Stored entries:
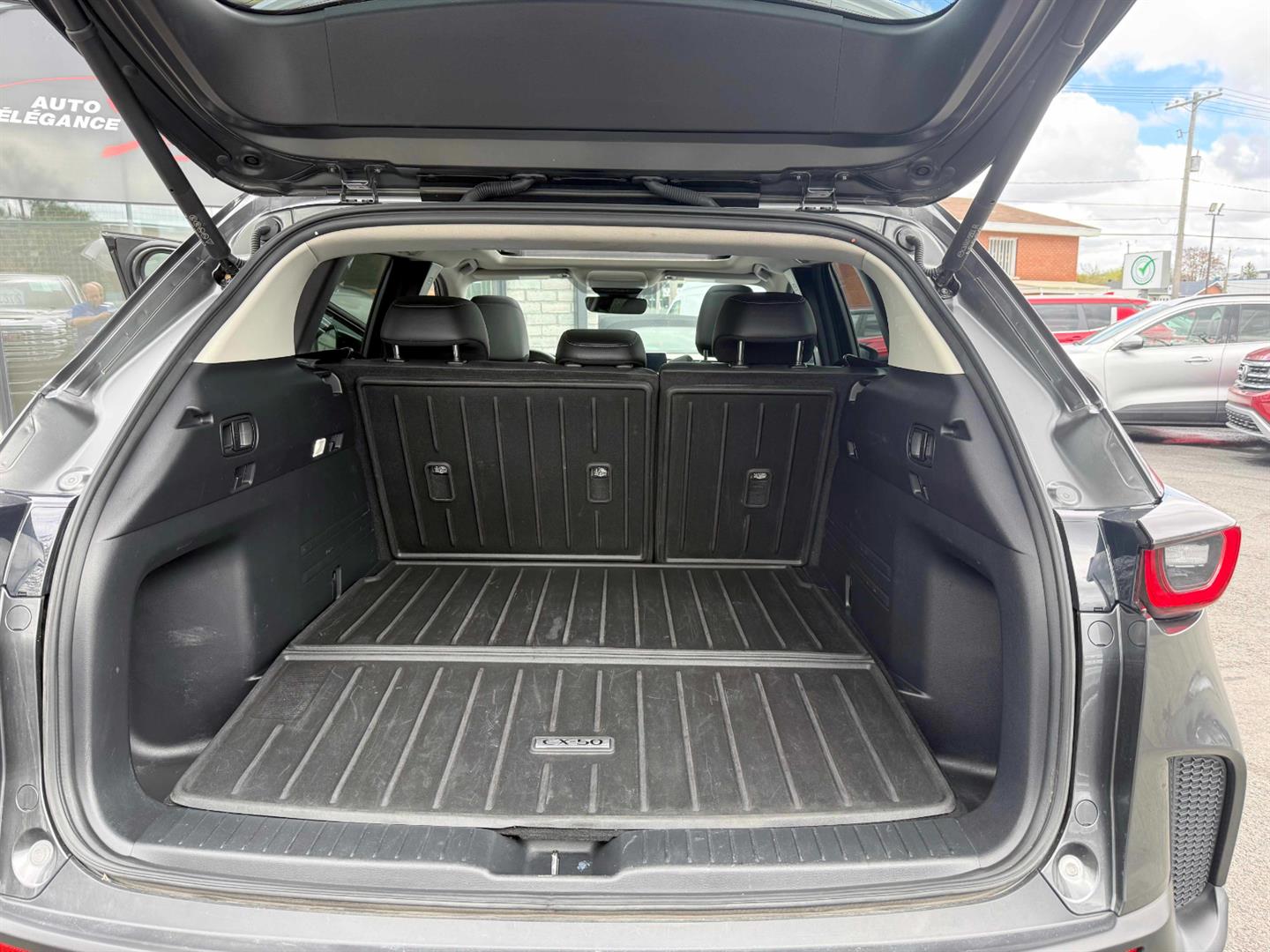 mazda CX-50 2023 - 14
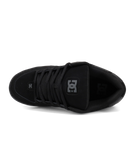 Command Shoes in Black & Black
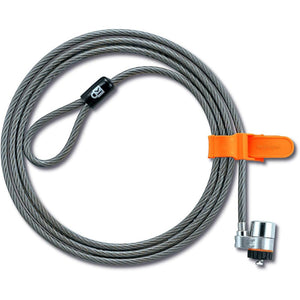 Kensington MicroSaver cable lock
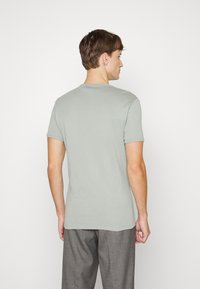 G-STAR BASE 2er PACK - T-shirt básica - iceberg green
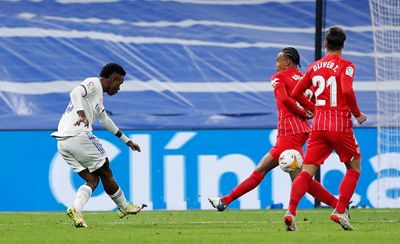 real madrid - sevilla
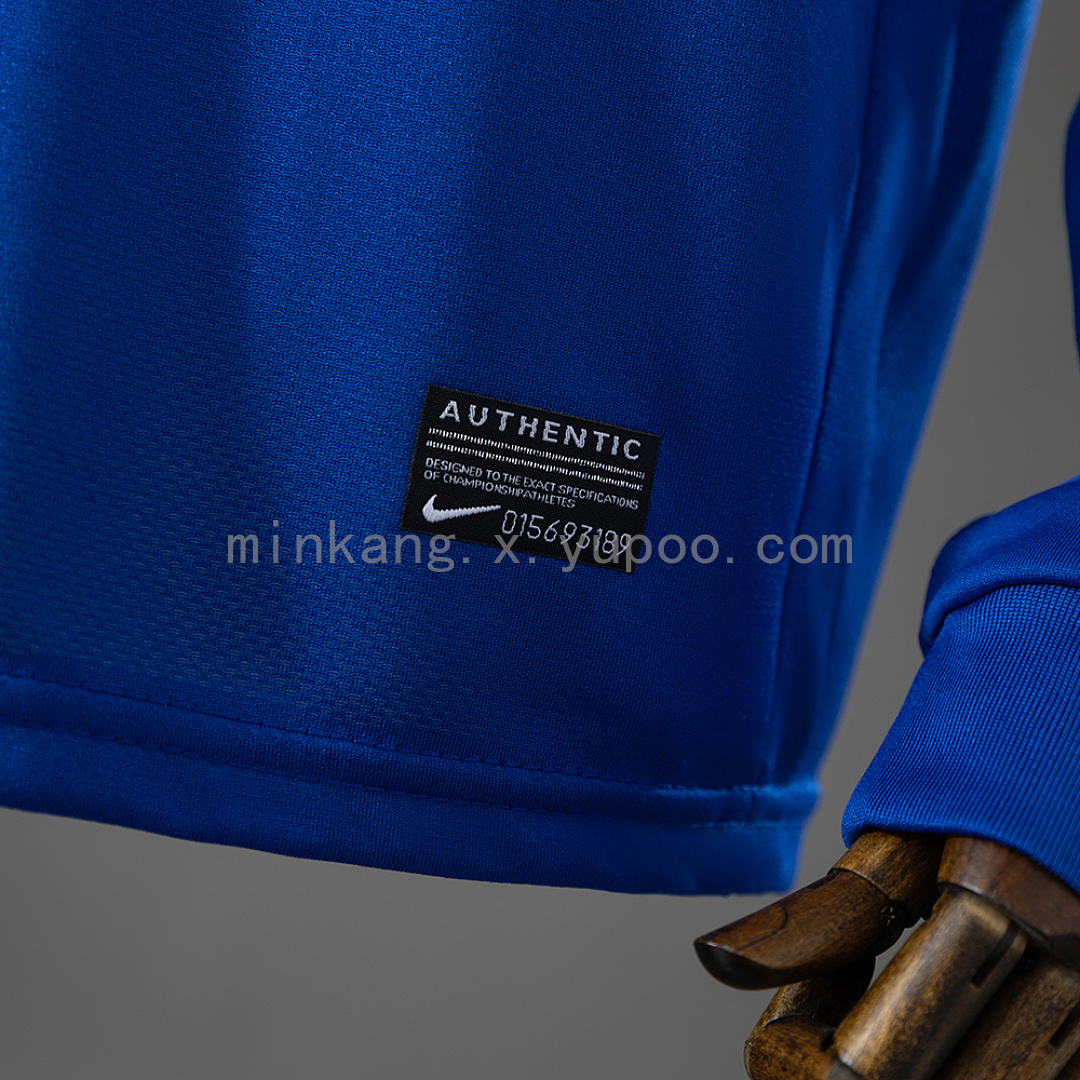 M-U 08/09 Third Away Retro Long-Sleeve Kids Kit Jersey Size 16-28 12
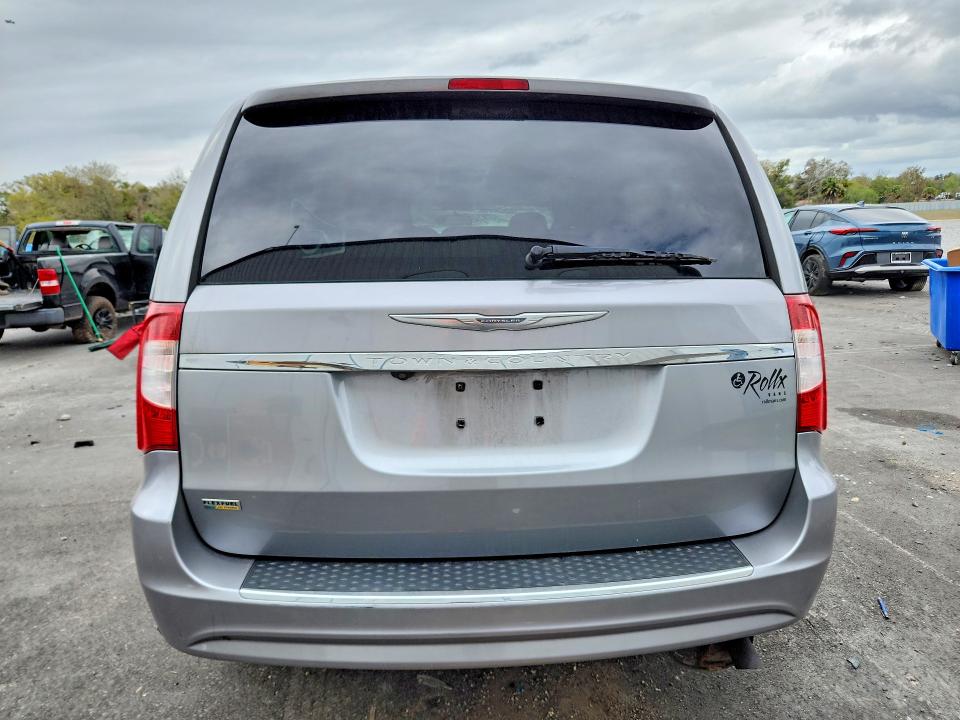 Aukcja sprzedaży 2013 Chrysler Town & Country, vin: 2C4RC1BG0DR555704, numer aukcji: 79588735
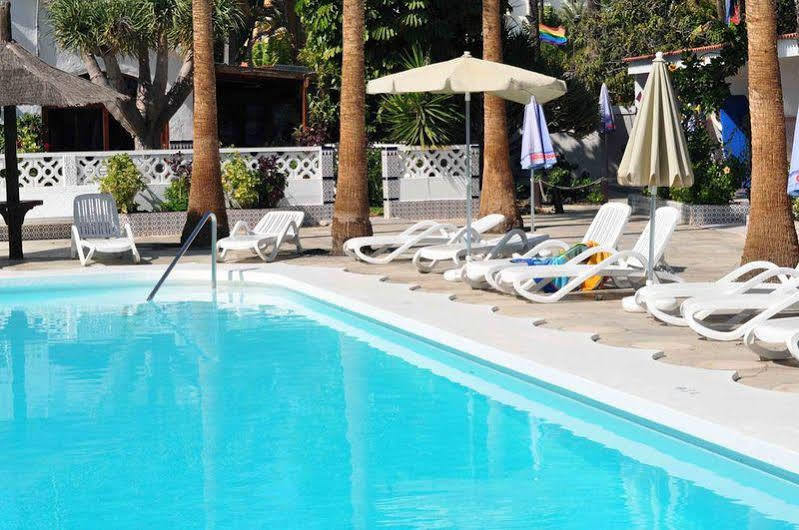 San Valentin & Terraflor Park Hotel Playa del Inglés Eksteriør billede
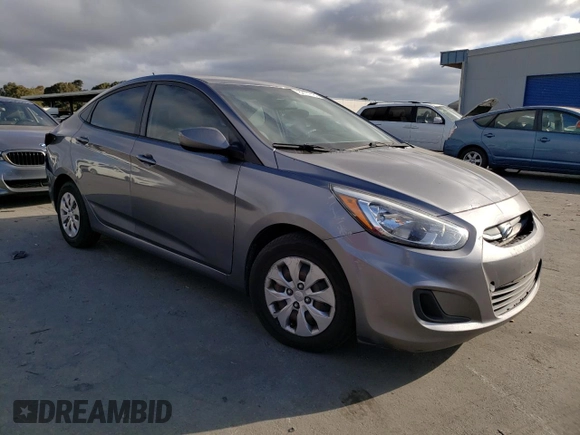 2015 Hyundai Accent GLS with VIN KMHCT4AE5FU888036, listed as a Copart auction lot 62137183 with 157,869 mi miles. Bid and sale history available at carsss.com. Image 4.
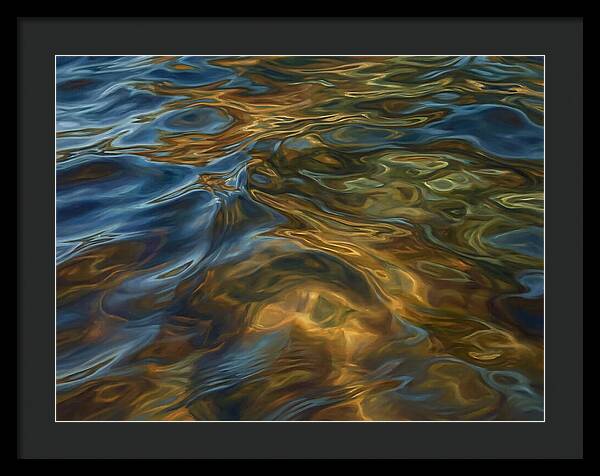 Fluid Reflections Of Nature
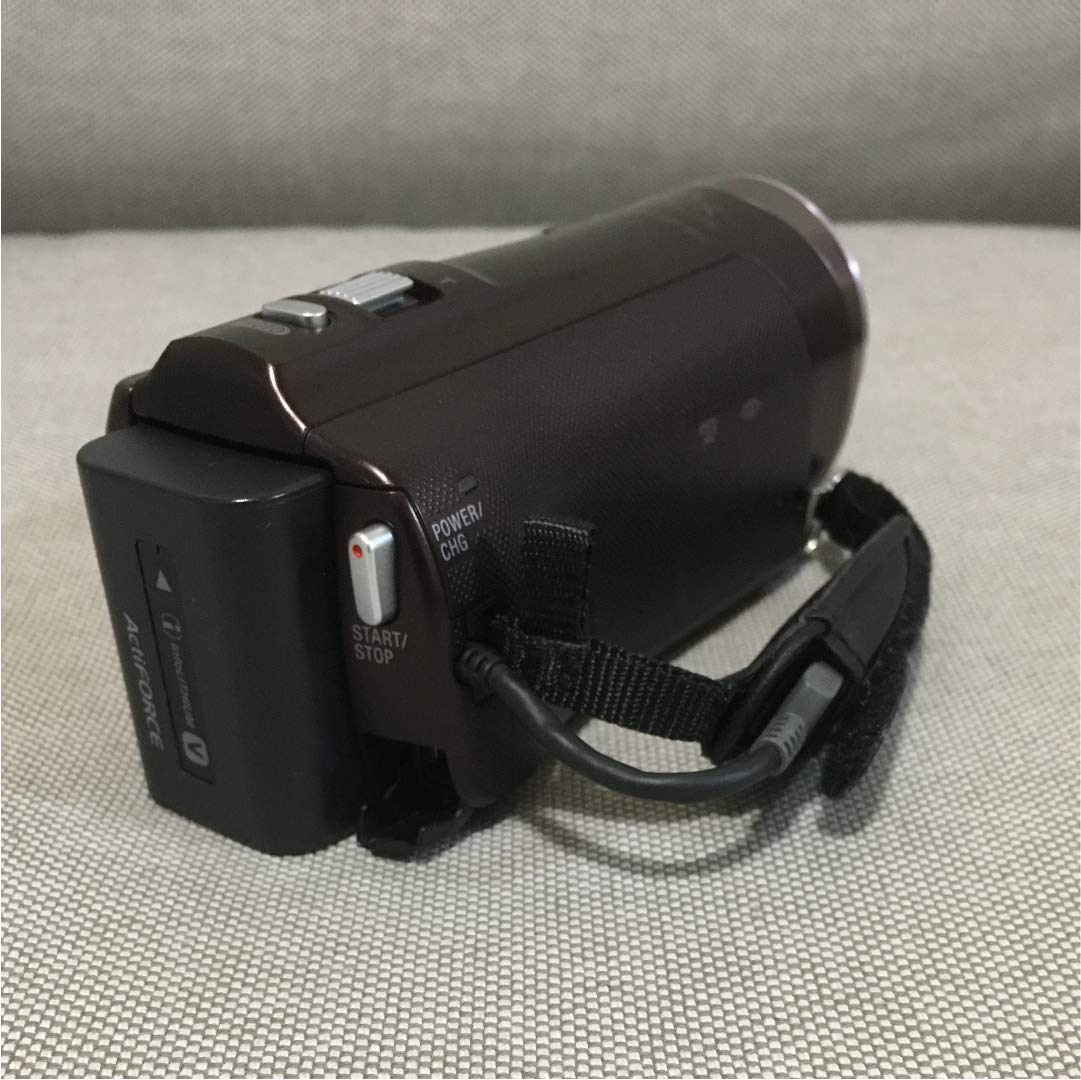 Amazon.co.jp: SONY ビデオカメラ Handycam CX420 内蔵メモリ32GB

_ACTIVITY_: In the entries above, which lines run from the one with "M-U 08/09 Third" up to and including the one with "Fluid Reflections Of Nature"? Write them out exactly, without the pictures.

_THE COMPLETED TASK_:
 M-U 08/09 Third Away Retro Long-Sleeve Kids Kit Jersey Size 16-28 12
 Aukcja sprzedaży 2013 Chrysler Town & Country, vin: 2C4RC1BG0DR555704, numer aukcji: 79588735
 San Valentin & Terraflor Park Hotel Playa del Inglés Eksteriør billede
 2015 Hyundai Accent GLS with VIN KMHCT4AE5FU888036, listed as a Copart auction lot 62137183 with 157,869 mi miles. Bid and sale history available at carsss.com. Image 4.
 Fluid Reflections Of Nature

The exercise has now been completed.